A demora é escandalosa. Em abril o Executivo mandou ao Congresso a proposta da Lei de Diretrizes Orçamentárias (LDO), com previsão de superávit primário de R$ 104,55 bilhões para o governo central e de R$ 126,73 bilhões para o total do setor público. Esta soma seria equivalente a 2% do Produto Interno Bruto (PIB).

Sem esperar aprovação da LDO, o governo teria pouco mais de quatro meses para trabalhar no projeto de lei do Orçamento-Geral da União. Nesse intervalo o quadro econômico piorou e em 31 de agosto a presidente mandou ao Legislativo uma proposta com previsão de déficit primário de R$ 30,5 bilhões. A equipe já havia reduzido as metas para este e para o próximo ano, mas ainda mantendo números positivos. Uma sequência de desastres – vários terremotos, por exemplo – poderia justificar a repentina admissão do buraco fiscal, mas nada disso ocorreu.
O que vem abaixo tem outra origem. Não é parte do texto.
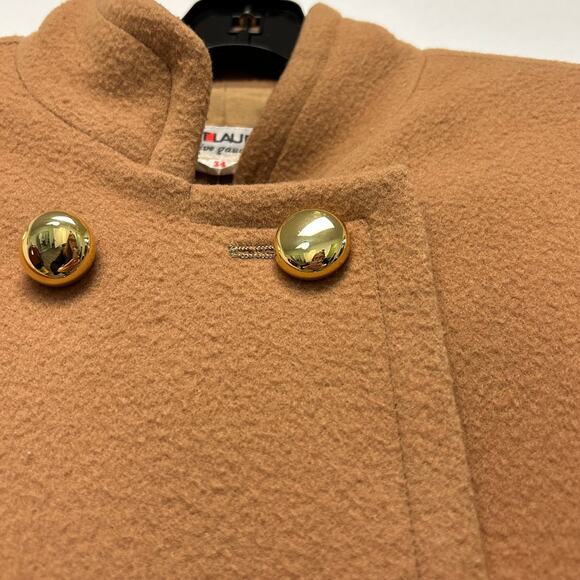 Yves Saint Laurent Rive Gauche Camel Wool Double Breasted Coat Jacket 34 - Picture 7 of 8
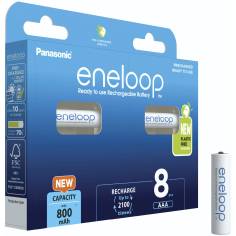 1x8 Panasonic Eneloop Micro AAA 800mAh Ni-MH        BK-4MCDE 2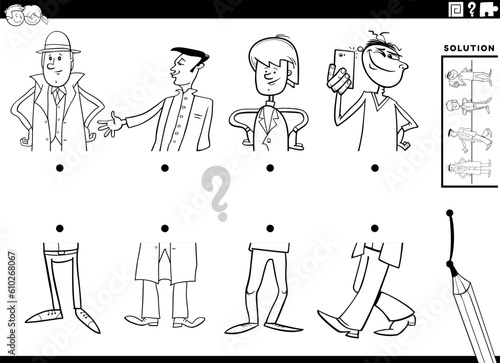 match halves activity with cartoon men characters coloring page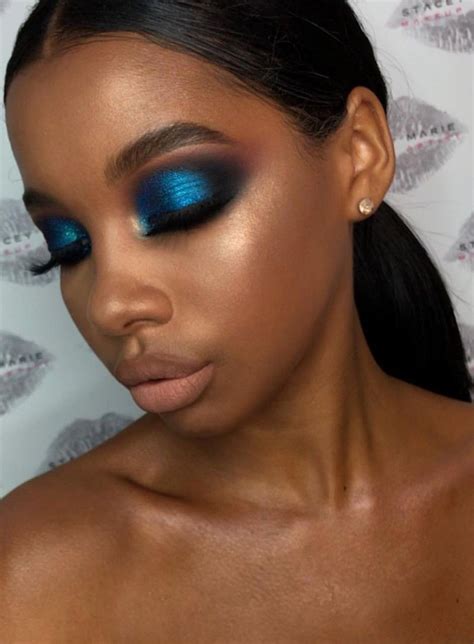 30 Attractive Makeup Ideas For Black Women Blue Eye Makeup Makeup For Black Women Blue Makeup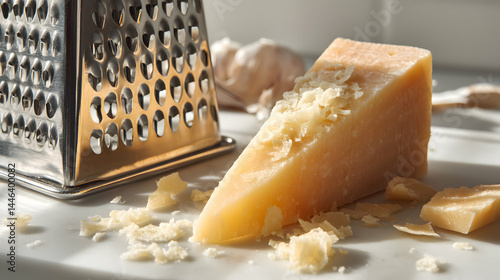 Parmesan Cheese with Grater Delicious Italian Cheese Grated Hard Cheese on White Surface Food Preparation and Culinary Delights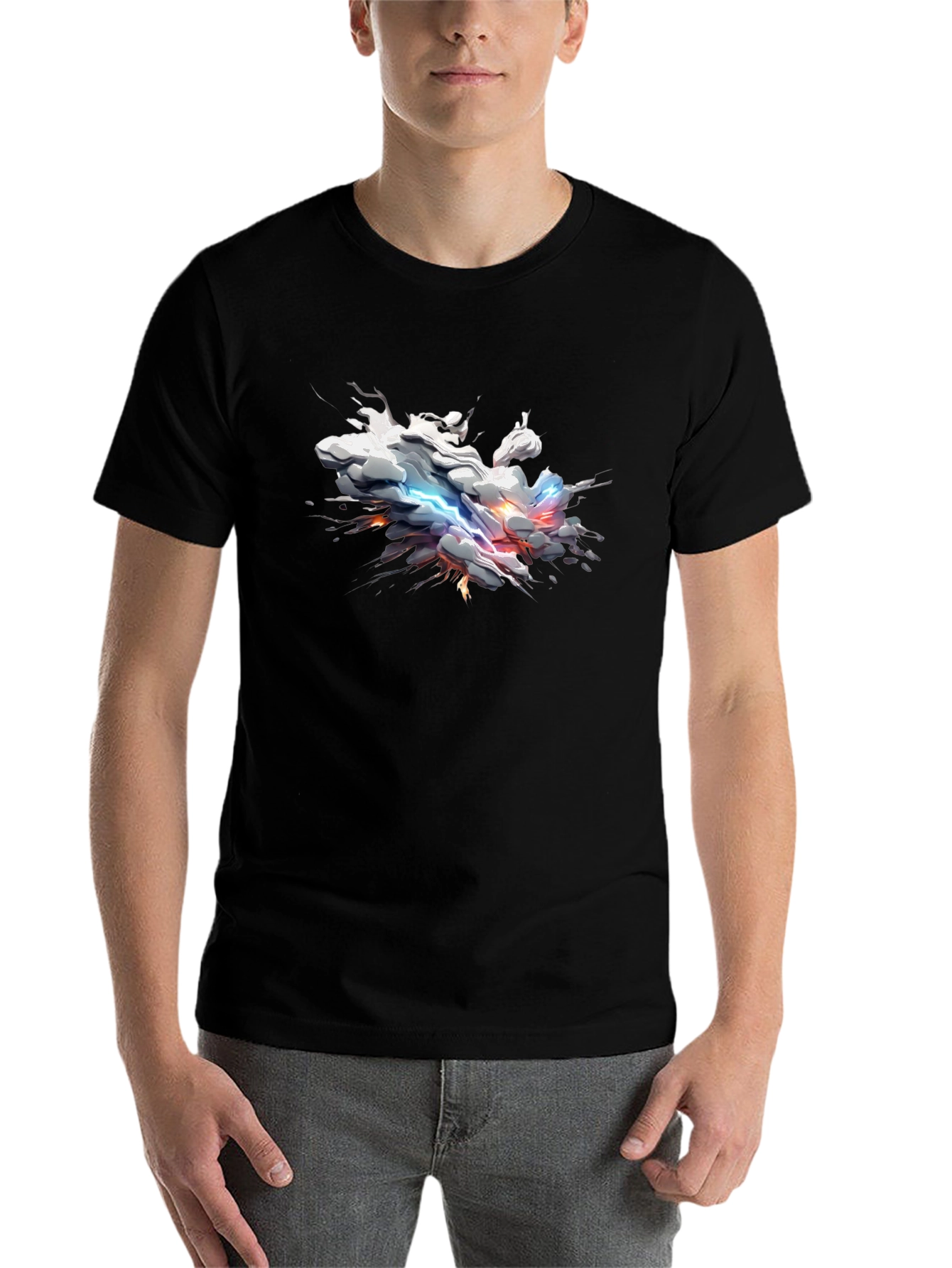Black Abstract Lightning Cloud Graphic T-Shirt view 7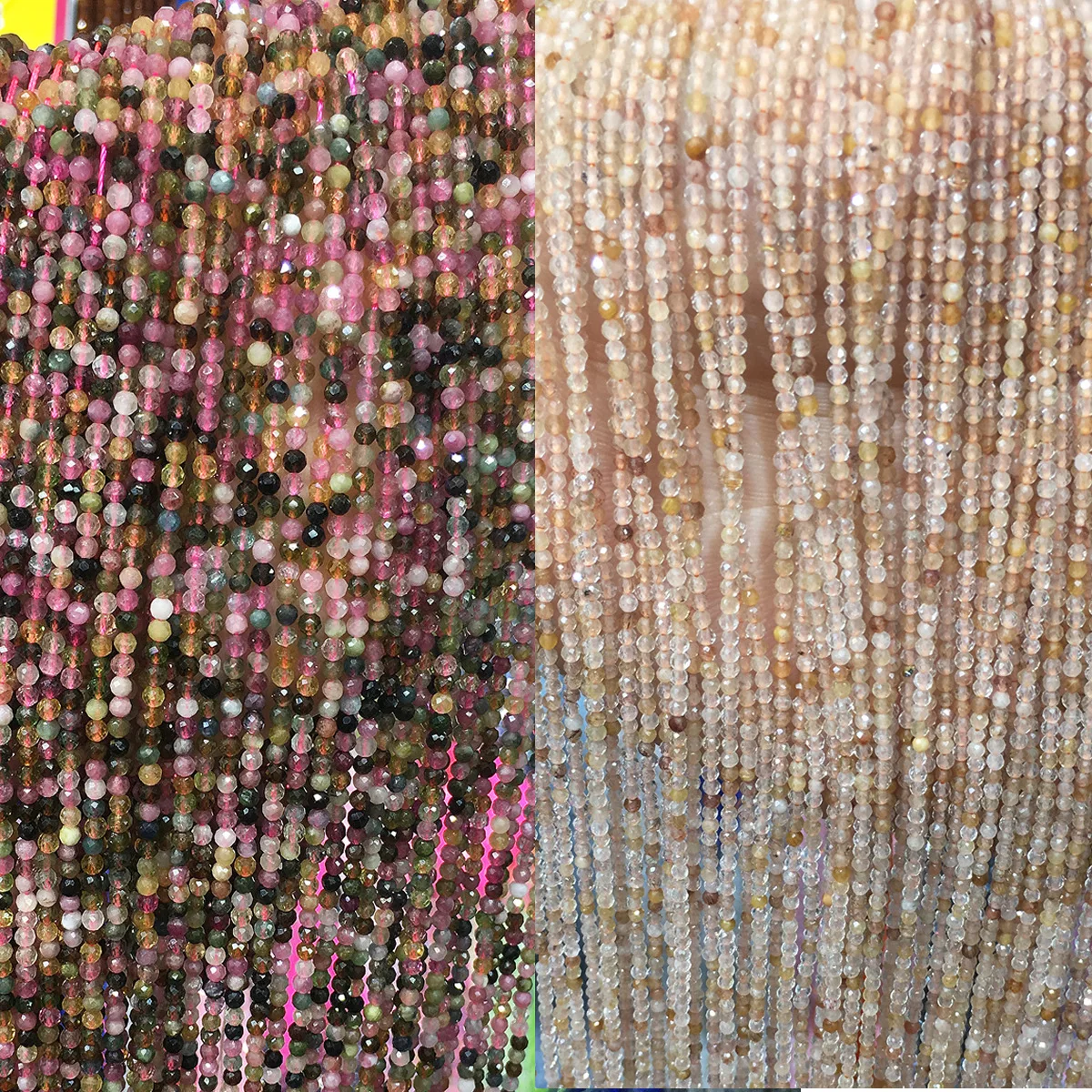 2 мм/3 мм натуральные турмалиновые/Хрустальные маленькие граненые бусины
Só a presidente Dilma Rousseff e seus conselheiros econômicos e políticos parecem ter sido surpreendidos pelo rebaixamento do Brasil ao grau especulativo, anunciado na quarta-feira passada pela agência Standard & Poor’s (S&P).

A data foi imprevista, mas nenhum conhecedor da economia brasileira – e do estilo de ação consagrado no Palácio do Planalto – poderia espantar-se. Em julho a S&P havia rebaixado a perspectiva da nota de crédito soberano do País. Foi um aviso claro, exceto para o governo. A presidente e seus ministros devem tê-lo ignorado ou considerado irrelevante.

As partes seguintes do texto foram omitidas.